Exercise requirements - Scan the records below and copy every line that contains the string "Skirt".

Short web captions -
○ ○ ○ ○ ○ ○ ○
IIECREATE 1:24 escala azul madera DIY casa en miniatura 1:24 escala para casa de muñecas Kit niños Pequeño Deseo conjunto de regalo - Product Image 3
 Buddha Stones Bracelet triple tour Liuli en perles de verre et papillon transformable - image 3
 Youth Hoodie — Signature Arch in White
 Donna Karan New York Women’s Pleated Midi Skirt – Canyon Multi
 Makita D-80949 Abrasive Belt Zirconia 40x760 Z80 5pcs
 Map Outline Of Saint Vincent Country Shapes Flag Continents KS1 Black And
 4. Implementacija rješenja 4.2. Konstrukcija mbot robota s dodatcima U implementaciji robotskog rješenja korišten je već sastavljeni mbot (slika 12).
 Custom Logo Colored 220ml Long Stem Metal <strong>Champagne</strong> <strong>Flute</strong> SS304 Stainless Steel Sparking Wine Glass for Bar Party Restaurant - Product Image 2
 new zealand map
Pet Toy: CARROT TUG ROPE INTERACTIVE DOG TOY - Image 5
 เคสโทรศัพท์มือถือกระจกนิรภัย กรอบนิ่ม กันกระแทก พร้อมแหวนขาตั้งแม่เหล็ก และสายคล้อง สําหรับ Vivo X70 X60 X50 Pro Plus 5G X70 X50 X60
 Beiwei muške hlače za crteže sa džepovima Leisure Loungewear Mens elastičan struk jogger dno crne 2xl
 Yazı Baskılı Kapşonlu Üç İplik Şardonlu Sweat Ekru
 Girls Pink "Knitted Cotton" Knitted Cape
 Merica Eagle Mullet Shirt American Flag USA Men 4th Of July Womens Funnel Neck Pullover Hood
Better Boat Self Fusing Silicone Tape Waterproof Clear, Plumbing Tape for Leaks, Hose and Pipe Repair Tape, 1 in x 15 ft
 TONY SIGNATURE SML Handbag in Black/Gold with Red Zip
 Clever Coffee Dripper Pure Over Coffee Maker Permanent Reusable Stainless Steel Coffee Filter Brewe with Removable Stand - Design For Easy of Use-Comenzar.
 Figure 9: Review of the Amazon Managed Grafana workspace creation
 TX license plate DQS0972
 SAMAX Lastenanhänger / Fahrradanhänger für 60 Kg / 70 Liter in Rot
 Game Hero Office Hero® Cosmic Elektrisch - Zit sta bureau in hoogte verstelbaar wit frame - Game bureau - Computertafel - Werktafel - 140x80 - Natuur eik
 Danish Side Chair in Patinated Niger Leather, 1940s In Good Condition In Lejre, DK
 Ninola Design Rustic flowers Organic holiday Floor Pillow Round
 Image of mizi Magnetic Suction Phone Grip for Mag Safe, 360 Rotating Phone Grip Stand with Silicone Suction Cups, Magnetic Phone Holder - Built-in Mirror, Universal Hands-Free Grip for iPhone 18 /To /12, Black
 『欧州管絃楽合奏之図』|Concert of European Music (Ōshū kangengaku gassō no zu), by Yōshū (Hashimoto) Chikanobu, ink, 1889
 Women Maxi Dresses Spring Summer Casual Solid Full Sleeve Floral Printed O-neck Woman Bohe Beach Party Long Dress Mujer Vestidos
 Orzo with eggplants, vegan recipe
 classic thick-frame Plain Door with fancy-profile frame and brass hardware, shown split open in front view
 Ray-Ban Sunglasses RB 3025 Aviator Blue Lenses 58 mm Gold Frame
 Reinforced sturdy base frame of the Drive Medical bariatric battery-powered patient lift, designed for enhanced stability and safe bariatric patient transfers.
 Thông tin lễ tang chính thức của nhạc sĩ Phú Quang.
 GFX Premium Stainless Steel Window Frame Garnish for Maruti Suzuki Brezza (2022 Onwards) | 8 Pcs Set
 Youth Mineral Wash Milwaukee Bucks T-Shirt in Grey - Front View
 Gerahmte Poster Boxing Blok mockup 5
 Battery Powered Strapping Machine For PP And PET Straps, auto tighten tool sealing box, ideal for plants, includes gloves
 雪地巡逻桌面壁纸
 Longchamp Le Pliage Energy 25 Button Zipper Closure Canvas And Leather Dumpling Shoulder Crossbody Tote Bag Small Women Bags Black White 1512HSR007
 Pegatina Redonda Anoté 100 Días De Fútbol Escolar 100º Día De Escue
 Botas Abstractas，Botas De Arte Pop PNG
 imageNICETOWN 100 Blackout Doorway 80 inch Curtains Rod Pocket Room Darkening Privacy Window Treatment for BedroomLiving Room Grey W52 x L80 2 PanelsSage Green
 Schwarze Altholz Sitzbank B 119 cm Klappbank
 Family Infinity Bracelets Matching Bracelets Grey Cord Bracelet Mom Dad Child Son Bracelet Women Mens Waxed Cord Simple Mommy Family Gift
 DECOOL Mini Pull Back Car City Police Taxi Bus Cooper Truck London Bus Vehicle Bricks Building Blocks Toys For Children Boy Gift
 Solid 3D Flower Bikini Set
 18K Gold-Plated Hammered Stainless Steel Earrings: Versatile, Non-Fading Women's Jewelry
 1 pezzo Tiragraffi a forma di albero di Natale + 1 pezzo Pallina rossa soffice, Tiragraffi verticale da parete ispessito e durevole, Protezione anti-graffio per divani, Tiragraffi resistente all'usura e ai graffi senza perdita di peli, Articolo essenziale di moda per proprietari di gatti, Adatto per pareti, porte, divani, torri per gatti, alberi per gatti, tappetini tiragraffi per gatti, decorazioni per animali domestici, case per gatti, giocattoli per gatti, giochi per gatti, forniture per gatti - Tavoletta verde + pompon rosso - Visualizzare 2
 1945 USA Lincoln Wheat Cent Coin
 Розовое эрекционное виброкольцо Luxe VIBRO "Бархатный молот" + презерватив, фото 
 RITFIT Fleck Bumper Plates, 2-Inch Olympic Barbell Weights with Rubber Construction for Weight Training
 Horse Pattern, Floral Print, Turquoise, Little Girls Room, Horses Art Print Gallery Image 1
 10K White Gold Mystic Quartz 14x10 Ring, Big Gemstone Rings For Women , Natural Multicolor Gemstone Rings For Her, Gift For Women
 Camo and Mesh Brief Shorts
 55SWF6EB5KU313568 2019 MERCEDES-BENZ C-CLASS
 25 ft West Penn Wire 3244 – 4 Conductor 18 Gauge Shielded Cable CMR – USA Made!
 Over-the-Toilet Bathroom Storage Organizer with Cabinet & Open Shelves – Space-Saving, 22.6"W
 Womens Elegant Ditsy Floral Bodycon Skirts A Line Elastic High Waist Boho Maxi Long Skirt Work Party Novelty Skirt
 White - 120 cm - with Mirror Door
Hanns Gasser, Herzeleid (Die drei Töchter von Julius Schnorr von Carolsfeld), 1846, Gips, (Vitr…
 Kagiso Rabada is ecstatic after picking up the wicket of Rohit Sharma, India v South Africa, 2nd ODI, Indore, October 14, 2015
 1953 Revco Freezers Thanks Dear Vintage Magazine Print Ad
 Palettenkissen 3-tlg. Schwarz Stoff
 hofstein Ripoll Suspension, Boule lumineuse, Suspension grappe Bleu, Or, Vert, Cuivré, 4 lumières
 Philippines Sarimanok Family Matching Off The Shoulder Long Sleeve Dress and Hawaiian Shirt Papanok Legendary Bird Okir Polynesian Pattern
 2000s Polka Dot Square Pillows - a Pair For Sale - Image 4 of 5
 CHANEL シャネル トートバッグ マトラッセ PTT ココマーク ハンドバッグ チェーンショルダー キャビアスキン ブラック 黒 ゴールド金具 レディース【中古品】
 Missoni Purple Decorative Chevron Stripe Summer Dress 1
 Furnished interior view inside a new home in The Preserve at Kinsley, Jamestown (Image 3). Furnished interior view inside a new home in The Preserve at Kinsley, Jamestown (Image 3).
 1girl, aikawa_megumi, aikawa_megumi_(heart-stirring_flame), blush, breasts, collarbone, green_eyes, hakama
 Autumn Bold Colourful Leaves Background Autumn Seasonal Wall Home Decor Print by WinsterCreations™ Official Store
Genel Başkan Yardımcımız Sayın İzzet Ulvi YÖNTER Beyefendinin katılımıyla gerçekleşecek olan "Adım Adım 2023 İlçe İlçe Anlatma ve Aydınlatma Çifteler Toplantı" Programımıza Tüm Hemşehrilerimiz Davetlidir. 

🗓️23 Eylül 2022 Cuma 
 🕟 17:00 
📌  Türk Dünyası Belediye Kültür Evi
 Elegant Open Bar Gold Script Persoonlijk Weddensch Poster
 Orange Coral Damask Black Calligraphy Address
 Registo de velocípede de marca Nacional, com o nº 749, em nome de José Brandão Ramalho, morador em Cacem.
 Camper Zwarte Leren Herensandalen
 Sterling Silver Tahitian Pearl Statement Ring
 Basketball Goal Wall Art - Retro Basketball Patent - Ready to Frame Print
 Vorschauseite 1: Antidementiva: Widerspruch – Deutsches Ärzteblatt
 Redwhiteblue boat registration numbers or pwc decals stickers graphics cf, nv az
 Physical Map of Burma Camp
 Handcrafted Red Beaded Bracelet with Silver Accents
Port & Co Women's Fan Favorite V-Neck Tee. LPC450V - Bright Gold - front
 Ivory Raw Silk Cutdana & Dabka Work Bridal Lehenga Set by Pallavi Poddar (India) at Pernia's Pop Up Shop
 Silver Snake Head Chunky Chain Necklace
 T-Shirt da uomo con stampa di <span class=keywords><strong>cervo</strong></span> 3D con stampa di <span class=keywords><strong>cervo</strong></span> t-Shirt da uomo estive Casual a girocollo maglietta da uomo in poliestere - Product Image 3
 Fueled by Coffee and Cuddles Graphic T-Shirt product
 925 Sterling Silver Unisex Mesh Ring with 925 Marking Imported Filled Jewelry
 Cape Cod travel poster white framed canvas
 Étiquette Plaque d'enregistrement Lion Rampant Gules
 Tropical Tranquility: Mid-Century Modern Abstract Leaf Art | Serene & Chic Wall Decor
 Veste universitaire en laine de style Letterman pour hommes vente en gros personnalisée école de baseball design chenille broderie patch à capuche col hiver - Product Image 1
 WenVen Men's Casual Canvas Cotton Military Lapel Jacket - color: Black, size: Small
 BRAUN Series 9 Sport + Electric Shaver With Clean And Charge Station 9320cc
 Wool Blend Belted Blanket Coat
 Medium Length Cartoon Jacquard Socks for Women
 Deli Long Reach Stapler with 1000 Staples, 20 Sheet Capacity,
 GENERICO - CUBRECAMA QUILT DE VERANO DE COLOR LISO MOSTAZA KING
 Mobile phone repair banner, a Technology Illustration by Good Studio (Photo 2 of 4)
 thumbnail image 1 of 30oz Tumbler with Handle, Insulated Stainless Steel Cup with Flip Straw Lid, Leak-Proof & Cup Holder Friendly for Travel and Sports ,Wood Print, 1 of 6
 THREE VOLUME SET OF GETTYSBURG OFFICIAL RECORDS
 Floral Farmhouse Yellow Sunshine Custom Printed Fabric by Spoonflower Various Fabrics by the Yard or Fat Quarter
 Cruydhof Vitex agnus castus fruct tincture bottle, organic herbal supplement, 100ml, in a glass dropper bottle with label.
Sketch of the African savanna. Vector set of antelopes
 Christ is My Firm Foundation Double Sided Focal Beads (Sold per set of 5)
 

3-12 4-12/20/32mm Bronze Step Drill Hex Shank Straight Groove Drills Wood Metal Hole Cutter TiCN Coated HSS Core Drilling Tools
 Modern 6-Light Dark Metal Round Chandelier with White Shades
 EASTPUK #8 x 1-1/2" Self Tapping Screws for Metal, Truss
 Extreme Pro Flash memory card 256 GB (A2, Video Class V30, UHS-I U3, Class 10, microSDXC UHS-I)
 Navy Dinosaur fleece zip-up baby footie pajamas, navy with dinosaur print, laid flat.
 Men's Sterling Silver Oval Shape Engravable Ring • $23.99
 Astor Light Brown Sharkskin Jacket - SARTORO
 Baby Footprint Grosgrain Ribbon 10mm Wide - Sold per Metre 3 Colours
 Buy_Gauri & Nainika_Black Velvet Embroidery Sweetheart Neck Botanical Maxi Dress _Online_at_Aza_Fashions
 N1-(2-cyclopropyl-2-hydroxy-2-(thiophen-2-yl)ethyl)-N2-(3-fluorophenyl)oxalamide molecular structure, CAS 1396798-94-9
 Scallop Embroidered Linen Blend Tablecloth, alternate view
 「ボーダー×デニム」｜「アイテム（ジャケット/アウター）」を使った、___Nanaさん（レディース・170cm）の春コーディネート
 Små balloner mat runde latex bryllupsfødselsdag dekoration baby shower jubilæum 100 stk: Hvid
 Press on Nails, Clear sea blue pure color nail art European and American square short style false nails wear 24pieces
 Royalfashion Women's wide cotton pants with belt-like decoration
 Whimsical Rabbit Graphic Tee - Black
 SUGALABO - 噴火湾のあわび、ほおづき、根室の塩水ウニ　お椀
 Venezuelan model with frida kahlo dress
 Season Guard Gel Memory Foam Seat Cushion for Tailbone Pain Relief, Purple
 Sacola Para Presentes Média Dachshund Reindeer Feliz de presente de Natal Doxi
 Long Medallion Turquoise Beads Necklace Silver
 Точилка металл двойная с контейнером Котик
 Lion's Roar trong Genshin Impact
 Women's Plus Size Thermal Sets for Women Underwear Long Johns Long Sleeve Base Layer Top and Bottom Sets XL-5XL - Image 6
○ ○ ○ ○ ○ ○ ○
The completed task -
 Donna Karan New York Women’s Pleated Midi Skirt – Canyon Multi
 Womens Elegant Ditsy Floral Bodycon Skirts A Line Elastic High Waist Boho Maxi Long Skirt Work Party Novelty Skirt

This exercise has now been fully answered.